Non-dietary exposure
. Orthosulfamuron is currently not registered for use on any residential non-food site. Therefore, residential exposure to orthosulfamuron residues will be through dietary exposure only.
D. Cumulative Effects
There is no information currently available to indicate that toxic effects produced by orthosulfamuron are cumulative with those of any other compound.
E. Safety Determination
1.
U.S. population
. Based on the conservative exposure assumptions described above and on the completeness of the toxicology database, it can be concluded that total aggregate exposure from food and water to the U.S. population and all evaluated population subgroups from orthosulfamuron from all proposed uses will be well below the chronic and acute RfDs. EPA generally has no concerns for estimated exposures below 100% of the RfD, since the RfD represents the level at or below which daily aggregate exposure will not pose an appreciable risk to human health. Thus, ISAGRO believes it can be concluded that there is reasonable certainty that no harm will result from aggregate exposure to orthosulfamuron residues.
2.
Infants and children
. In assessing the potential for additional sensitivity of infants and children to residues of orthosulfamuron, the data from developmental toxicity studies in both the rat and rabbit and a two generation reproduction study in rats have been considered. The developmental toxicity studies evaluate potential adverse effects on the developing animal resulting from pesticide exposure to the mother during prenatal development. The reproduction study evaluates effects from exposure to the pesticide on the reproductive capability of mating animals through two generations, as well as any observed systemic toxicity.
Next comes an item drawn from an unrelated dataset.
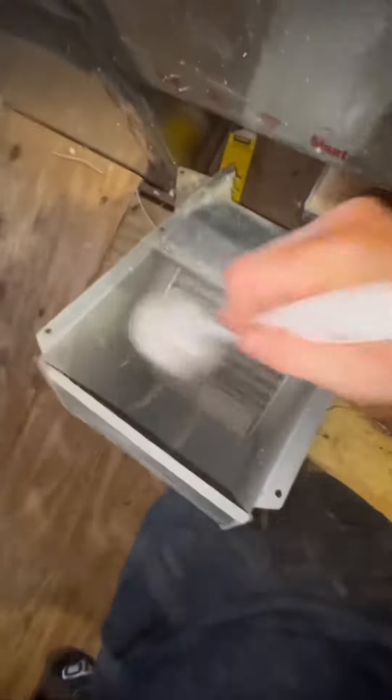Blower motor is out. Wipe it down with the brush, sanitize it, make it nice and clean. You can see how much dust was flying out of it. I always like the sanitizer to sit on it for at least a couple of minutes. When that blower is fresh and clean, it makes the air smell clean and makes the house smell good.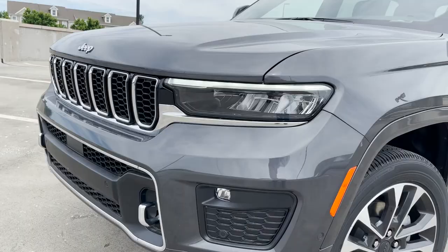All right everyone, welcome to Sour Horsepower and today we're going to be taking a look at this 2022 Jeep Grand Cherokee Overland.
Since none of the studies indicate the offspring to be more sensitive and all effects were secondary to severe maternal toxicity, ISAGRO believes that infants and children are protected and that an additional uncertainty factor for infants and children is not warranted.
F. International Tolerances
No CODEX maximum residue levels (MRL's) have been established for residues of orthosulfamuron on any crops at this time.